━━━━━ Information ━━━━━

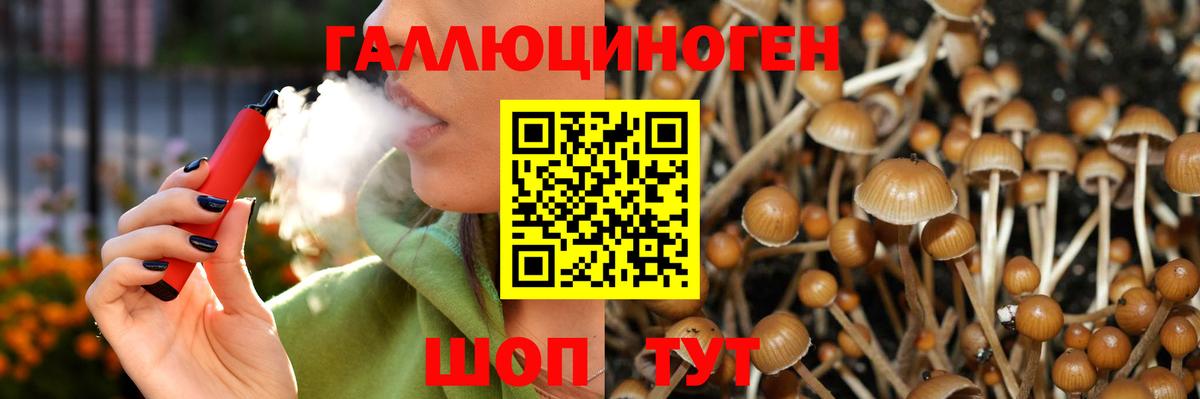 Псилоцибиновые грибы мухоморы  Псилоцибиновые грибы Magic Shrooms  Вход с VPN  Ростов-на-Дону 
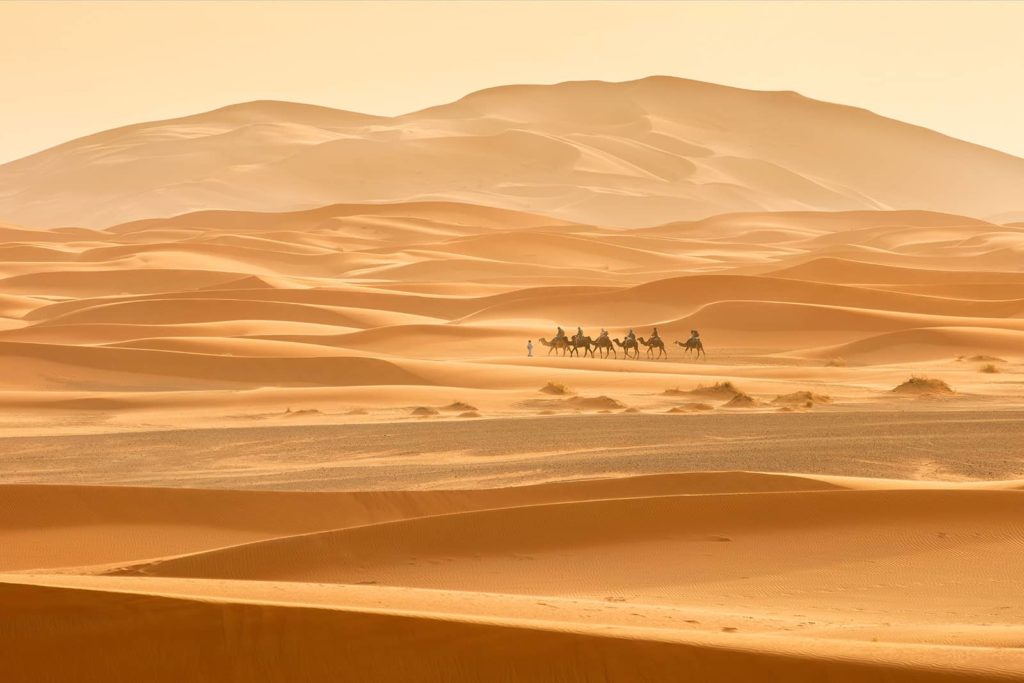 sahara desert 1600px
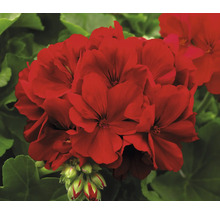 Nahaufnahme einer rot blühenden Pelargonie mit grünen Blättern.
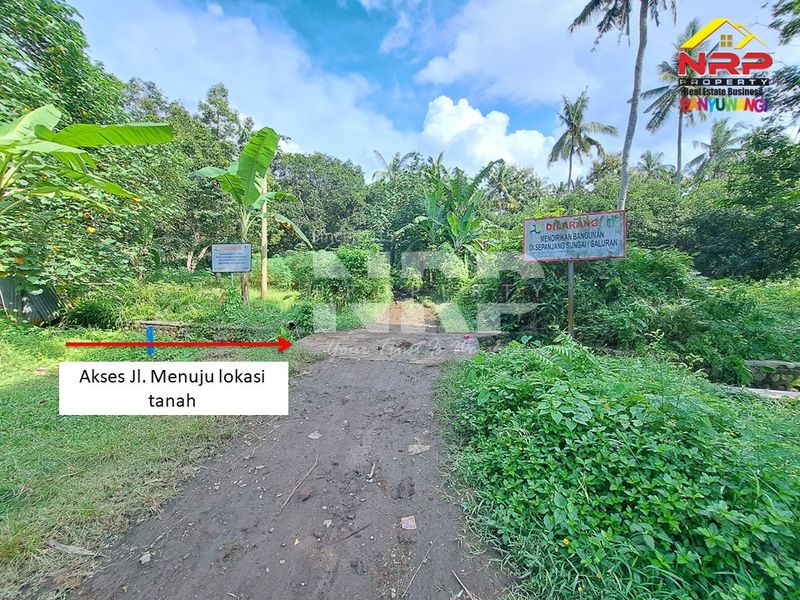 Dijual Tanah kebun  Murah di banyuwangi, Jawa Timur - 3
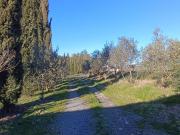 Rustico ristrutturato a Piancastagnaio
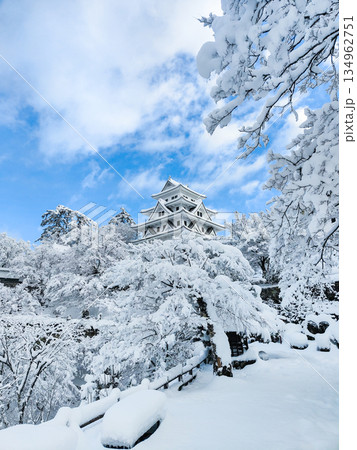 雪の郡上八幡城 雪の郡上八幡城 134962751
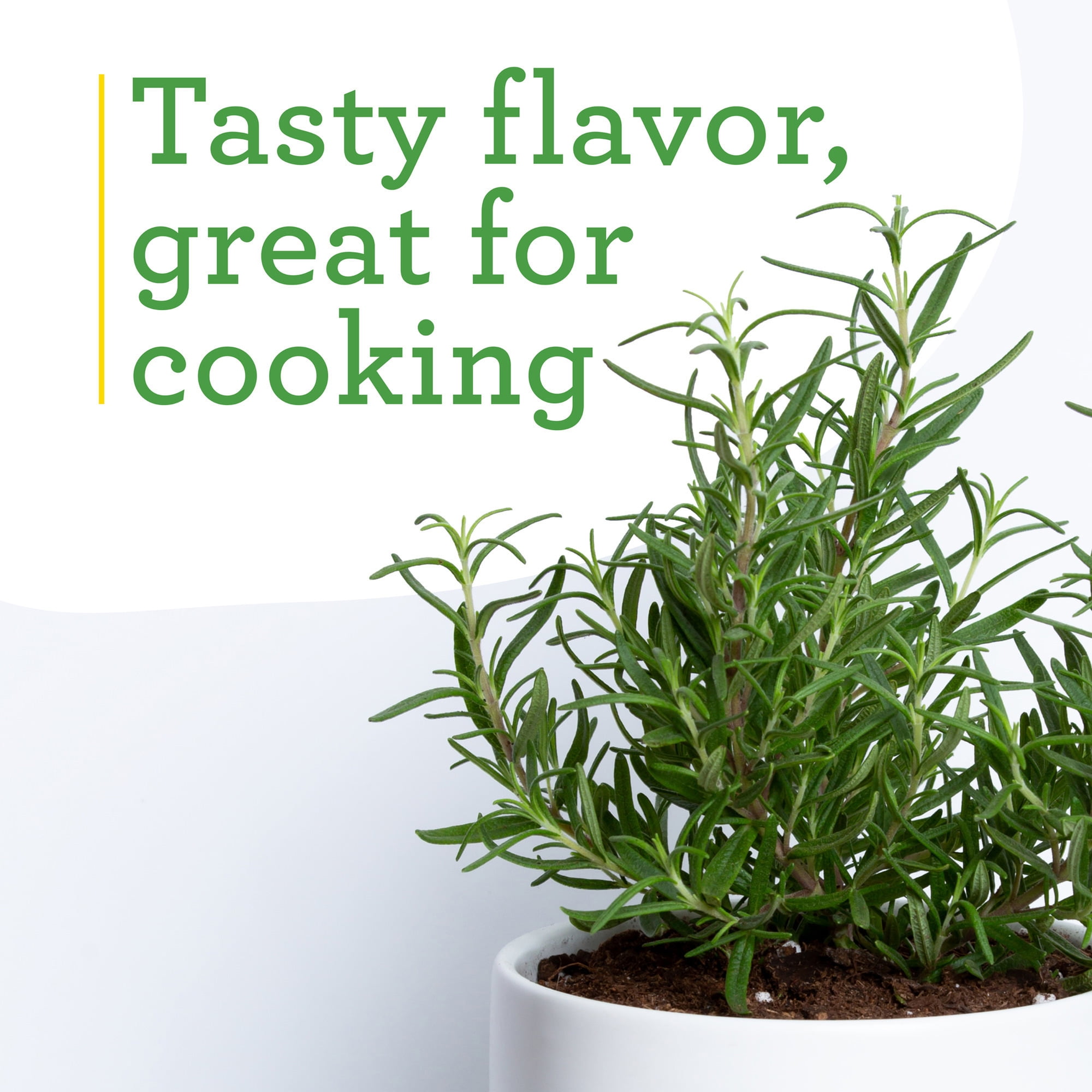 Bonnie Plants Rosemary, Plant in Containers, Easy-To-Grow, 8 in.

━━━━━

### [What the exercise asks]
Omit every picture, and otherwise quote the entries exactly.

### [Your solution]
 Псилоцибиновые грибы мухоморы  Псилоцибиновые грибы Magic Shrooms  Вход с VPN  Ростов-на-Дону 
 sahara desert 1600px
 Nahaufnahme einer rot blühenden Pelargonie mit grünen Blättern.
 Dijual Tanah kebun  Murah di banyuwangi, Jawa Timur - 3
 Rustico ristrutturato a Piancastagnaio
 雪の郡上八幡城 雪の郡上八幡城 134962751
 Bonnie Plants Rosemary, Plant in Containers, Easy-To-Grow, 8 in.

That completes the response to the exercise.